Let $ k, n, r \geqslant 1 $ be integers. Let $ \lambda $ be a partition of $r$, what we denote by $ \lambda \vdash r $.
I would like a lower and an upper bound for the following quantity, for all $ r \leqslant nk $
$$ b_r(n, k) := \frac{ \# \left\{ \lambda \vdash r : \lambda \subset (n^k) \right\} }{ \# \left\{ \lambda \vdash r \right\} } $$
Here, $ \lambda \subset (n^k) $ means that $ \ell(\lambda) \leqslant k $ and $ \lambda_1 \leqslant n $, namely, that $ \lambda $ is included in the rectangular partition $ (n^k) $.

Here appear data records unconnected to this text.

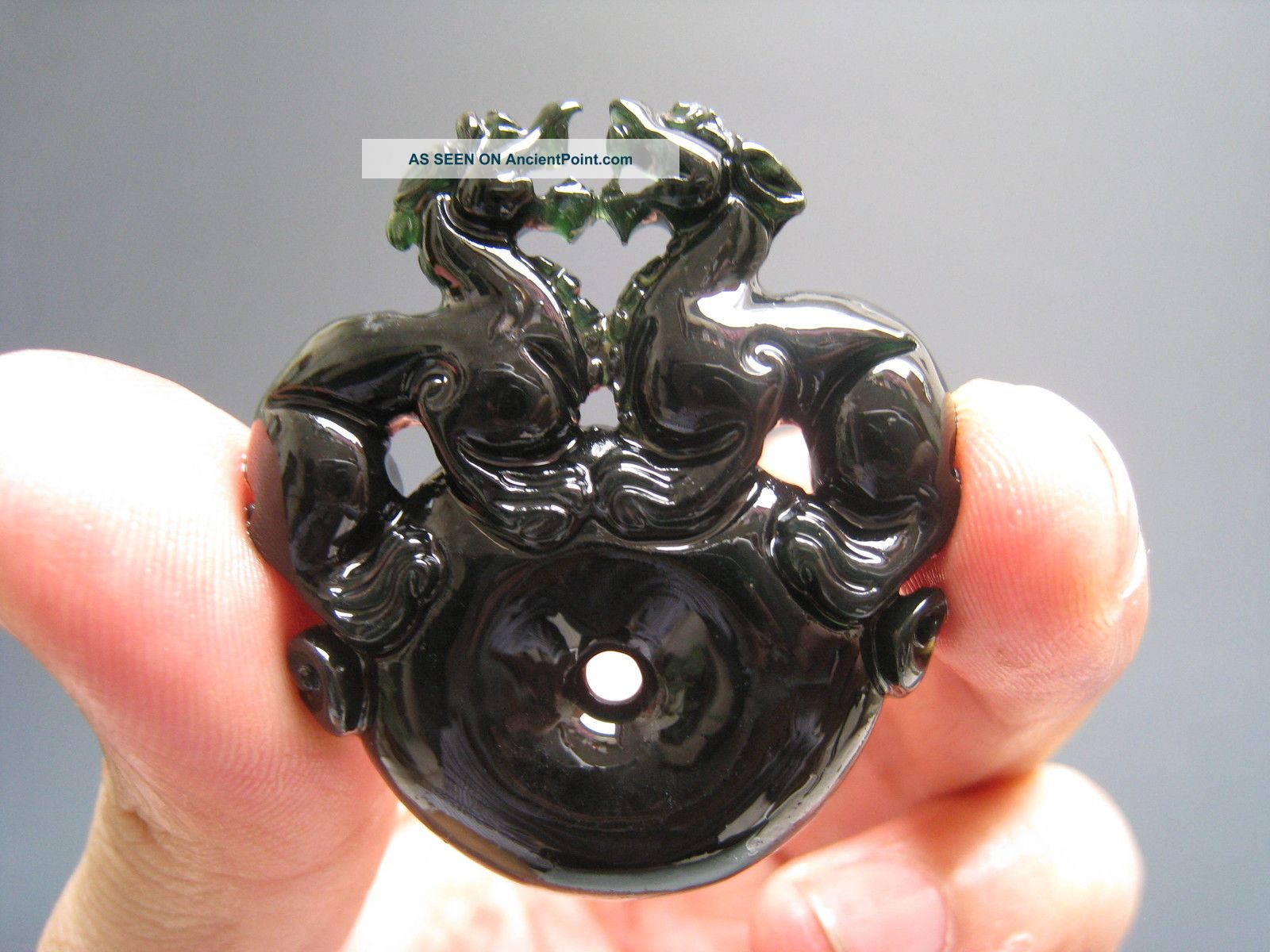 The Beautifully Carved Black Greenstone Ssangyong Pendant Bracelets photo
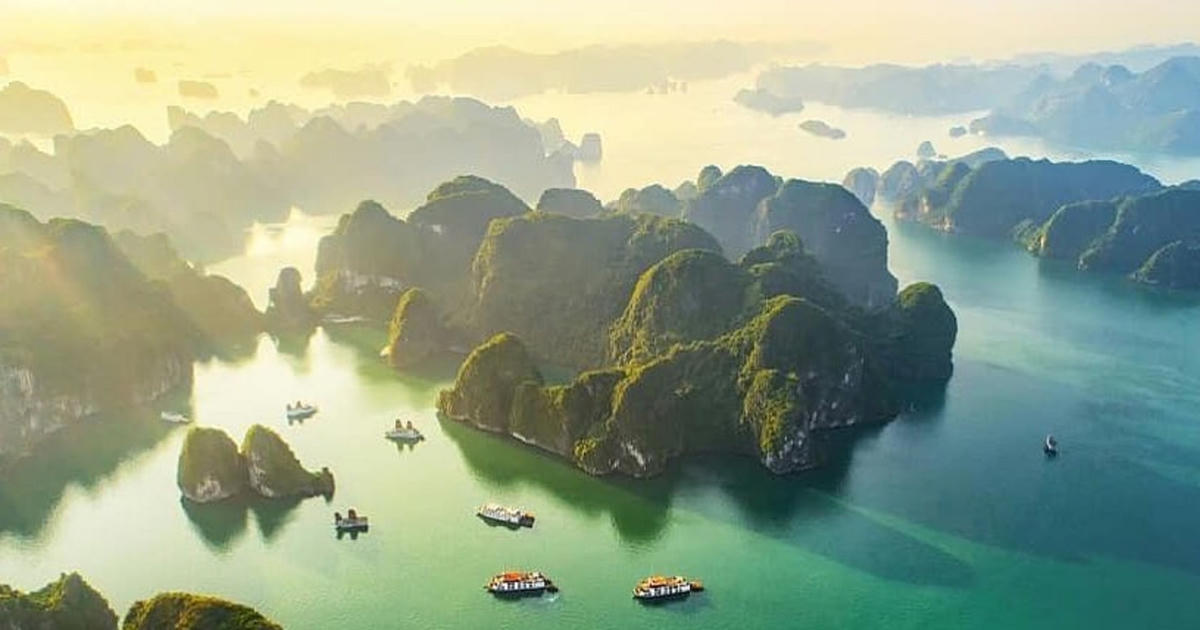 Quảng Ninh - Hải Phòng mở tuyến du lịch biển xuyên di sản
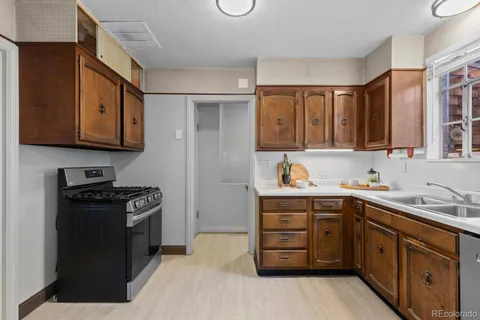 $995,000 | 390 Dexter Street, Denver, CO 80220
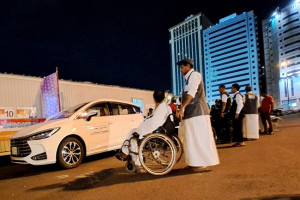 Laporan dari Makkah dan Madinah: Jemaah Lansia Dihimbau Pakai Jasa Resmi Kursi Roda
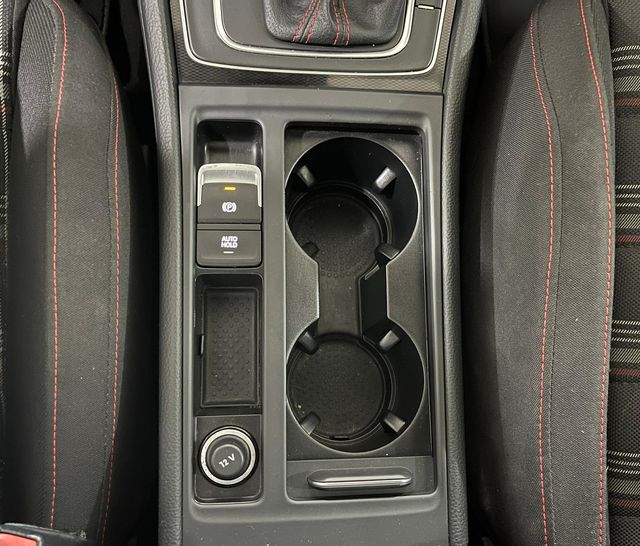 Volkswagen Golf GTI 2.0 TSI 220 CV 2016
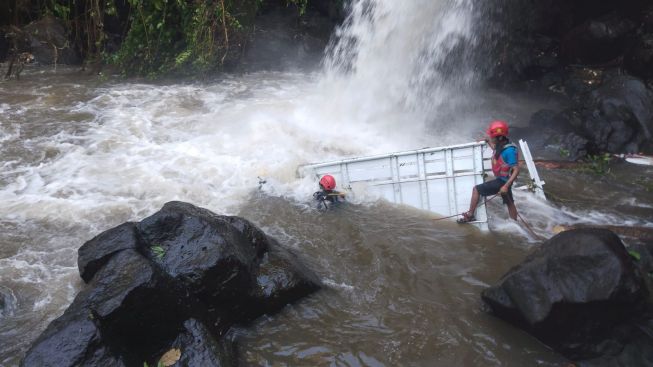 Truk Terjun ke Sungai Datar Ajibarang Banyumas, 1 Orang Tewas Terjepit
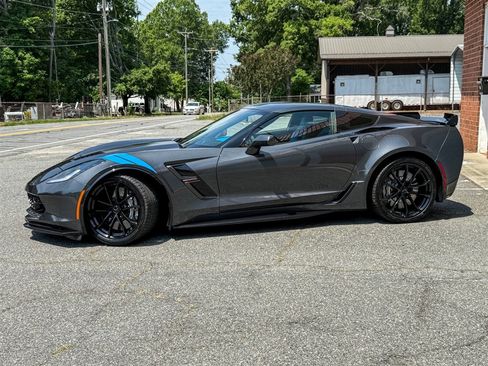Used 2017 Chevrolet Corvette Grand Sport RWD image 4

For instance, for $ r = nk $, we have $ \# \left\{ \lambda \vdash nk : \lambda \subset (n^k) \right\} = 1 $ (only the rectangle has the right size), so the value is $ 1 / p(nk) $ with with $ p(r) := \# \left\{ \lambda \vdash r \right\} $.
This can be seen as the probability $ \mathbb{P}\!\left( \boldsymbol{\lambda} \subset (n^k) \right) $ where $ \boldsymbol{\lambda} $ is uniformly distributed amongst the partitions of size $r$ (i.e. all partitions have equal probability $ 1/p(r) $ to be selected). This measure has been investigated by Vershik and Yakubovich amongst others.
So far, I had a look at Andrew's book "the theory of partitions". There is a whole chapter on asymptotics of infinite product generating functions (the chapter 6) with a meta theorem due to Meinardus. Unfortunately, the generating series of partitions included in a rectangle is given by a Gaussian polynomial, hence a ratio and not only a product, and Meinardus' theorem does not apply. Nevertheless, I am not updated on the recent research on the topic, so a more recent theorem may solve the problem.